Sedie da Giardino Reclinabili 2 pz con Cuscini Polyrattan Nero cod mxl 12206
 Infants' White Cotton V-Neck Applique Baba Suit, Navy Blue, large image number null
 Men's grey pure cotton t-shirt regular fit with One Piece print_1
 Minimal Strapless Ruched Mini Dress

**TASK TO CARRY OUT**
The data, all of it, should be transcribed exactly.

**TASK SOLUTION**
Sedie da Giardino Reclinabili 2 pz con Cuscini Polyrattan Nero cod mxl 12206
 Infants' White Cotton V-Neck Applique Baba Suit, Navy Blue, large image number null
 Men's grey pure cotton t-shirt regular fit with One Piece print_1
 Minimal Strapless Ruched Mini Dress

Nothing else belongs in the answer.